Ciononostante, in realtà, anche i generi distintivi del teatro classico, vale a dire la commedia e la tragedia, hanno modo di tornare in auge nel Medioevo: infatti, tra il XII e il XIII sec. furono composte, prevalentemente in Francia, ma anche in Inghilterra, in Germania e in Italia, una ventina di 'commedie' che ebbero notevole importanza nella storia letteraria, determinando il sorgere di un nuovo genere, quello delle cosiddette 'commedie elegiache', caratterizzate in sintesi da scelta del metro elegiaco (da cui l'etichetta moderna), drammatizzazione della poesia ovidiana d'argomento amoroso, comune tematica erotica, atteggiamento misogino, tipologia degli schiavi e, alla base, imitazione di fondo (di ordine anzitutto emulativo, ma poi, in seconda istanza, anche parodistico) dei tre archetipi del filone: l'adespoto Pamphilus, o il Geta (1125-1130) o infine l'Aulularia, composti questi ultimi due da Vitale di Blois. Ma si tratta davvero di teatro?

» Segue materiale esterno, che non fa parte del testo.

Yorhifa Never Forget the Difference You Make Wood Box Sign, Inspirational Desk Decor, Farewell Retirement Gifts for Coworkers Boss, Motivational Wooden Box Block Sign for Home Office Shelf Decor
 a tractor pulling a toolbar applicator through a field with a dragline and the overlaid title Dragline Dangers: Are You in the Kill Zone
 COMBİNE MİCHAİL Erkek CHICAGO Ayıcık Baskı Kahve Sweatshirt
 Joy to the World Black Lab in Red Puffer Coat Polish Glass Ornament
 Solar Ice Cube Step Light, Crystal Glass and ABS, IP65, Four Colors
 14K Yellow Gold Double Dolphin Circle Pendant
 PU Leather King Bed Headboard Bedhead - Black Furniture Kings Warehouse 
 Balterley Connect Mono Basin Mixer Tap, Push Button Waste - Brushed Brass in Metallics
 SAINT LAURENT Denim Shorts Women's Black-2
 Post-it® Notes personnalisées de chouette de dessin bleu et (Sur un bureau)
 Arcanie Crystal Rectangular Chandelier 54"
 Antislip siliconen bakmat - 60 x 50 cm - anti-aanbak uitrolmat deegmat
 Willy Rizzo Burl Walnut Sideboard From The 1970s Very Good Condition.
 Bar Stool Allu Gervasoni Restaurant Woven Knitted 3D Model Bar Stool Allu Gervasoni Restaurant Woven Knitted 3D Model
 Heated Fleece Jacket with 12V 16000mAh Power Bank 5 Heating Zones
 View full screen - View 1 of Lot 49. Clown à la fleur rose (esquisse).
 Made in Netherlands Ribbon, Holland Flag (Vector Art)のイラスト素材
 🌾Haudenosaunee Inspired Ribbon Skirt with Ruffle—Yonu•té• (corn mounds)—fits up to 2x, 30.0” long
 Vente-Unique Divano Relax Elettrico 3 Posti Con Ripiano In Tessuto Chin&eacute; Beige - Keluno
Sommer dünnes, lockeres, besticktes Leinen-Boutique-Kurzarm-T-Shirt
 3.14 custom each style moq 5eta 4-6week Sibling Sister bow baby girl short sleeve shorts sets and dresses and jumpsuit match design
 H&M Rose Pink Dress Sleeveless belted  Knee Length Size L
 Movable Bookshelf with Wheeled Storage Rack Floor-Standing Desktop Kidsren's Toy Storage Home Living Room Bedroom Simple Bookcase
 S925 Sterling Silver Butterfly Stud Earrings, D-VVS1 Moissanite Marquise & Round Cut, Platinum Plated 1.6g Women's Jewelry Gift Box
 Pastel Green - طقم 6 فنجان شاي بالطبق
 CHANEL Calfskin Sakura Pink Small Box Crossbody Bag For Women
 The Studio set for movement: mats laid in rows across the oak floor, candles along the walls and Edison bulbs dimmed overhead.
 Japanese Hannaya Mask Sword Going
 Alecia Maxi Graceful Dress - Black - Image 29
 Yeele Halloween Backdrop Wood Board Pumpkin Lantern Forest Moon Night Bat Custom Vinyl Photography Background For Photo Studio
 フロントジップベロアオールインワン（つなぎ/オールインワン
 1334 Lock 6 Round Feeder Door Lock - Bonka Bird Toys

In alcuni prologhi gli autori proclamano a gran voce di avere rielaborato, tradotto, riscritto e, in certi casi, migliorato commedie plautine o addirittura menandree, carpendo la buona fede non solo dei loro contemporanei, ma anche di gran parte degli studiosi moderni, sebbene, a un attento esame, risulti che dei presunti modelli antichi sono stati abbandonati tanto i metri fondamentali giambico-trocaici, quanto le strutture drammatiche. Il richiamo a Plauto e a Menandro serve soltanto a conferire il sigillo di un'auctoritas riconosciuta a un genere letterario nuovo, che trova i suoi veri modelli in Orazio (specie l'Orazio delle Satirae e delle Epistulae, presente, insieme a Terenzio, soprattutto nei prologhi), Virgilio, Giovenale, Lucano, Stazio, Massimiano e, in maniera a tratti invasiva, Ovidio, da cui vengono mutuati forma e contenuto, riproposti in un'inedita chiave semidrammatica (perché, se si eccettuano il Pamphilus e il Babio, testi interamente dialogati, in queste commedie si alternano parti composte dalle sole battute dei personaggi a sezioni narrative di raccordo fra le 'scene' che si susseguono).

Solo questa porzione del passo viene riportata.